Let’s take a look at some numbers! Our code base is 12 years old which means there is lots of legacy code intermixed with lots of new code. Here are some detailed stats collected using cloc:
Engine (Runtimes, Modules, Shaders):
- 663 kloc code + 55 kloc comments in 3.8k files
- 87% C++, 4% C#, 5% bindings, 2% shaders
Editor (Editor, Extensions, some Tools):
- 749 kloc code + 57 kloc comments in 4.6k files
- 51% C++, 44% C#, 4% bindings
- 464 kloc code + 52 kloc comments in 2.8k files
- 59% C++, 37% C#, 2% bindings
Tests (does not include all tests; some are inside editor/runtime, especially c++ unit tests):
- 301 kloc code + 21 kloc comments in 4.6k files
- 1% C++ :), 87% C#, 8% shaders
- 2.2 million lines of code + 185 thousand lines of comments
These numbers don’t include any of the external libraries we integrate into Unity. The tests are split into low-level C++ unit tests and high-level C# tests. The C# tests can be of many different kinds based on what they test: runtime, integration, asset import, graphics, performance, etc. In total we have about 60000 automated tests that are being executed tens of millions of times every month, both locally through manual runs and on our build farm.
The fact that we rely so much on high level automated tests means that we have to deal with test failures and instabilities on a constant basis. In order to keep these to a minimum we started doing a number of things:
- Make sure the head revision of trunk (main development branch) is always green
- Implement monitoring and reporting of tests
- Optimize the time spent executing tests
We use a development method that relies heavily on having multiple code branches that are kept in sync with and eventually merged back to trunk when ready. We want to always be able to have a build ready for release from the head revision of trunk, which means we want to make absolutely sure that it is always green. Everyone branching from trunk also wants to start their work on code that passes all automation.
The current way we are keeping trunk always green is by using a staging branch. Every day, multiple people submit code that should be merged to trunk. Requests like these get bundled together, merged onto the staging branch and all test automation is executed. If anything fails, we have a tool that reruns the failed tests on the same revision again to verify if it is just an instability or an actual failure.
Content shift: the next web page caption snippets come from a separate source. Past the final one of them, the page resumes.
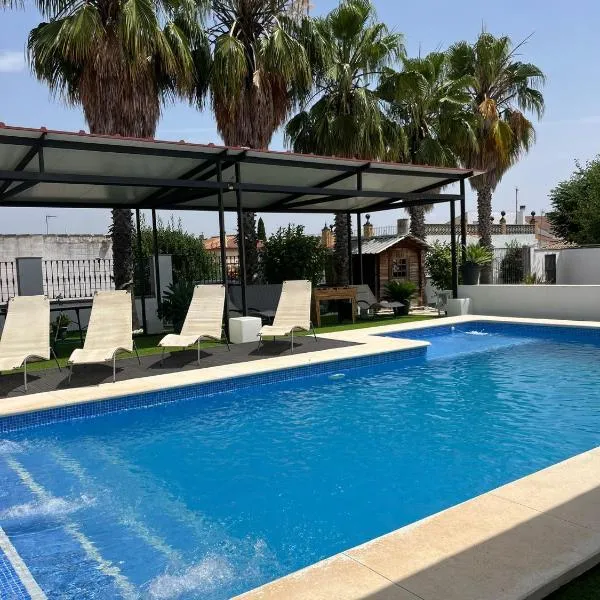 Apartamento 1, Chalet Manzano a 15" de Sevilla, a 30" del Aeropuerto de Sevilla, Hotel in Villanueva del Ariscal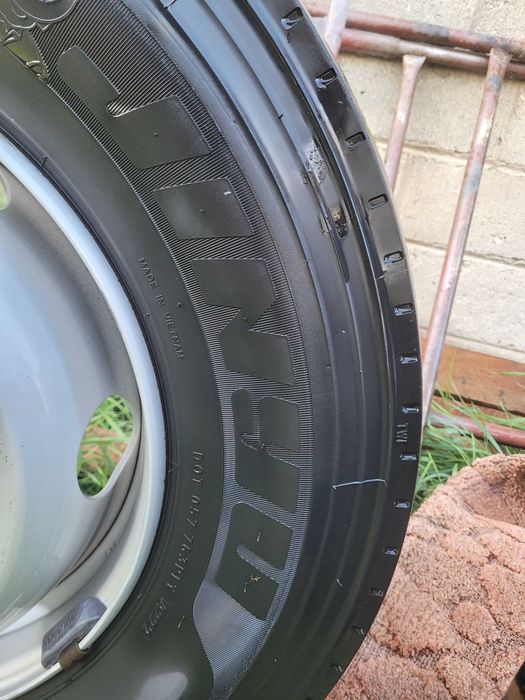 Opony Koła 235/75 R17.5 Jinyu JF518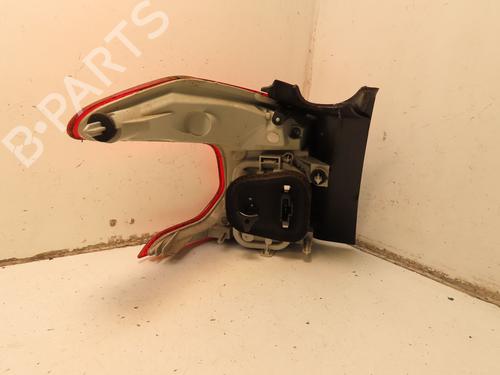 Farolim direito PEUGEOT 2008 I (CU_) 1.2 THP 110 / PureTech 110 (110 hp) 32377770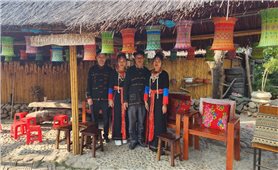 Quảng Ninh: Đồng bào DTTS làm du lịch theo cách mộc mạc nhất
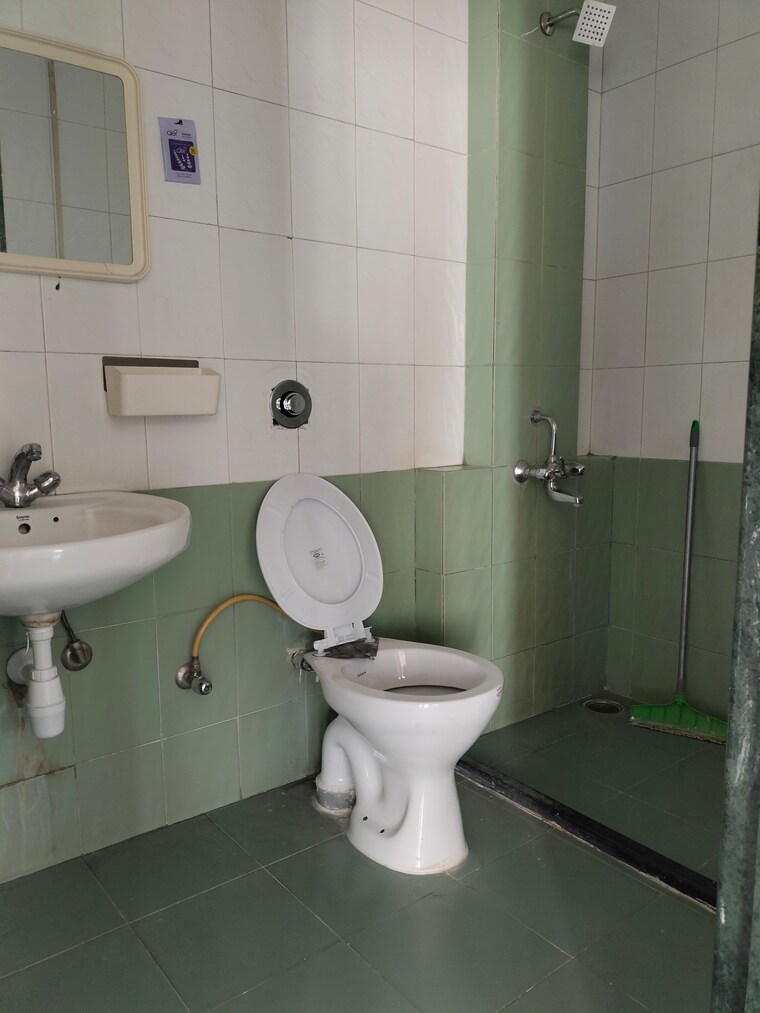 Bathroom, hiranandani-estate 2 Bedroom 680 Sq.Ft. Apartment In Ghodbunder Road Thane 9278814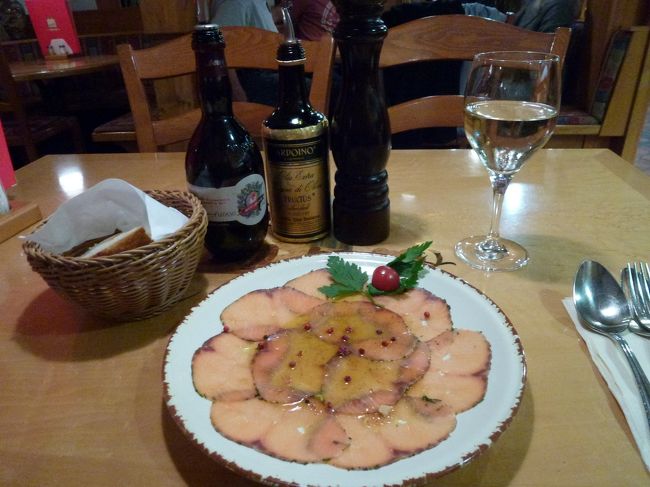 サーモンマリネ。<br />コショウ、オリーブオイル、バルサミコ酢<br />を自分好みで味付け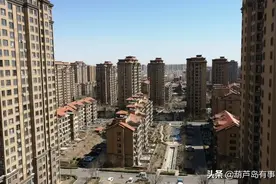 葫芦岛东城巴塞罗那一缕阳光，照射小城！图片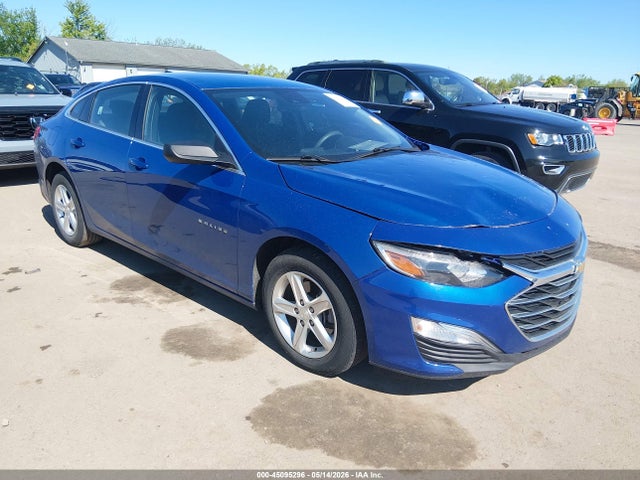 Salvage Chevrolet Malibu Image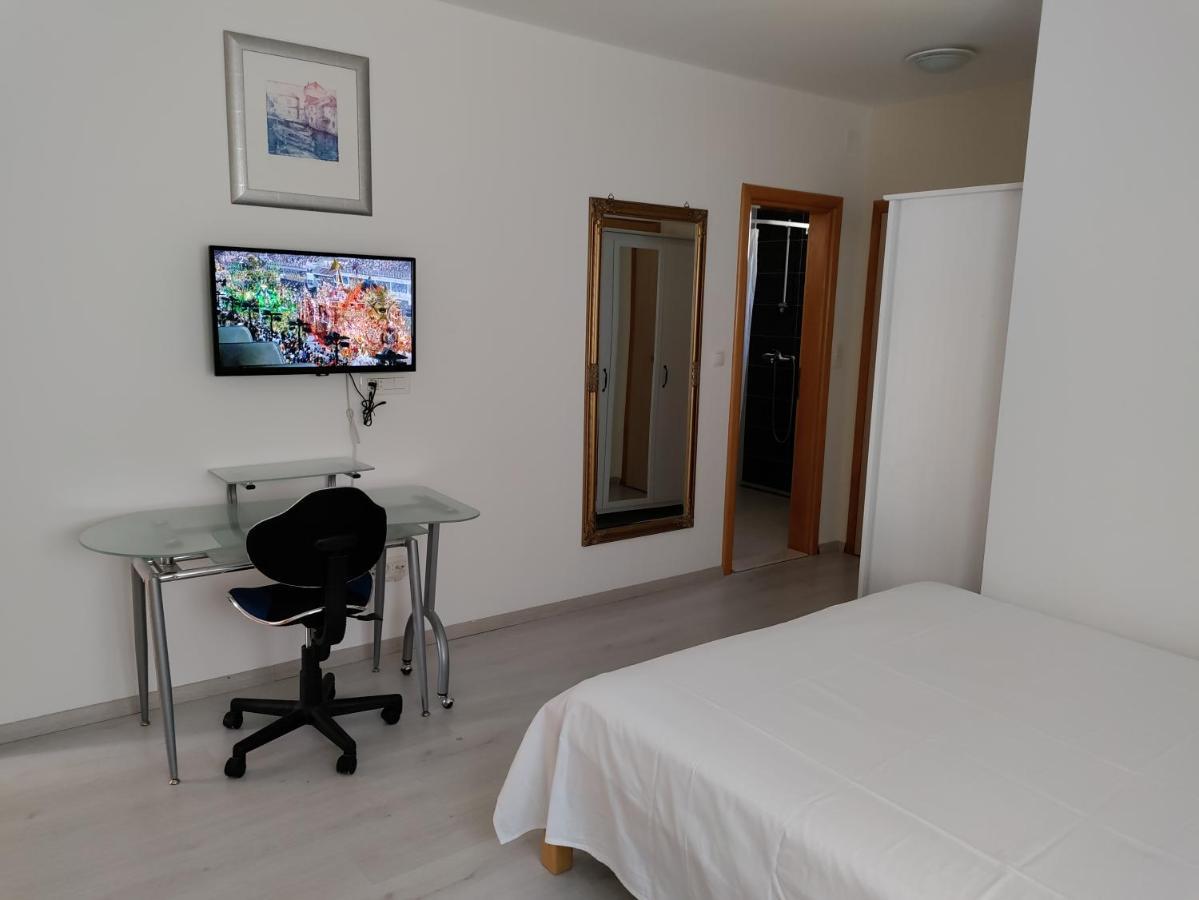Appartamento Magi House With Pool Podstrana Esterno foto
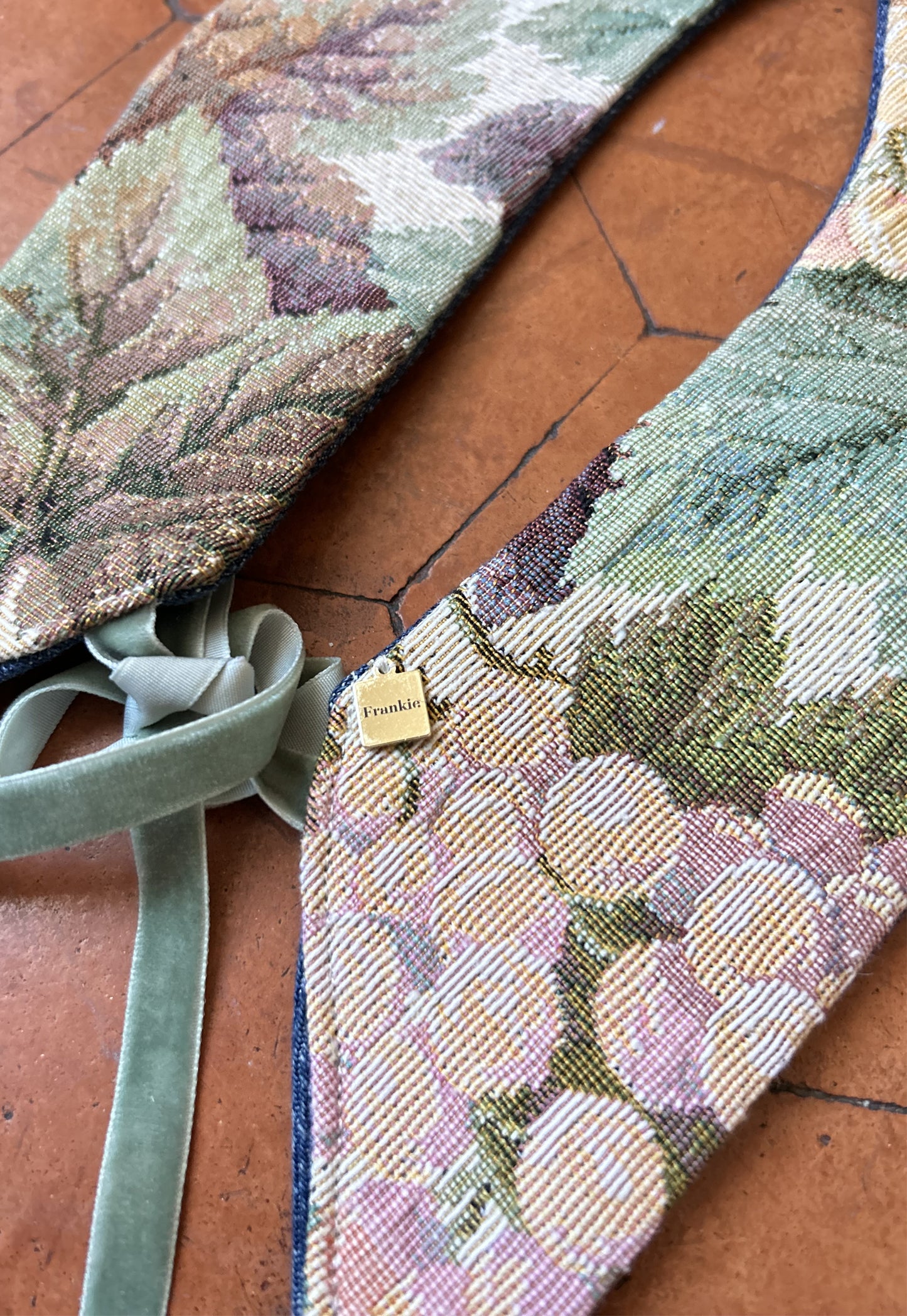 Upcycled detachable collar Simone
If it is an instability, a notification is posted to an internal chat, where we always have one or more developers investigating any issue that gets posted there. If it is an actual failure, we run a bisection process to quickly figure out which one of the code merge requests introduced it. The person responsible for that gets notified and the code is removed from the staging branch. If everything passes as expected, the staging branch gets merged to trunk. We call this the Trunk Queue Verification process.
This process does help keeping the main development branch always green, but it is far from ideal. It is costly to maintain because running all our test suites takes hours and finding the source of some failures require human intervention in a lot of cases. The ideal scenario would be for us to run tests on all branches after every new set of changes is pushed achieving something close to continuous integration. Right now, we are running tests in the most naive way possible, which usually means that for most new batch of changes, we run all the tests. We are taking the first steps towards changing this and improving everyone’s iteration time on test automation runs here at Unity by introducing a smart test selection service.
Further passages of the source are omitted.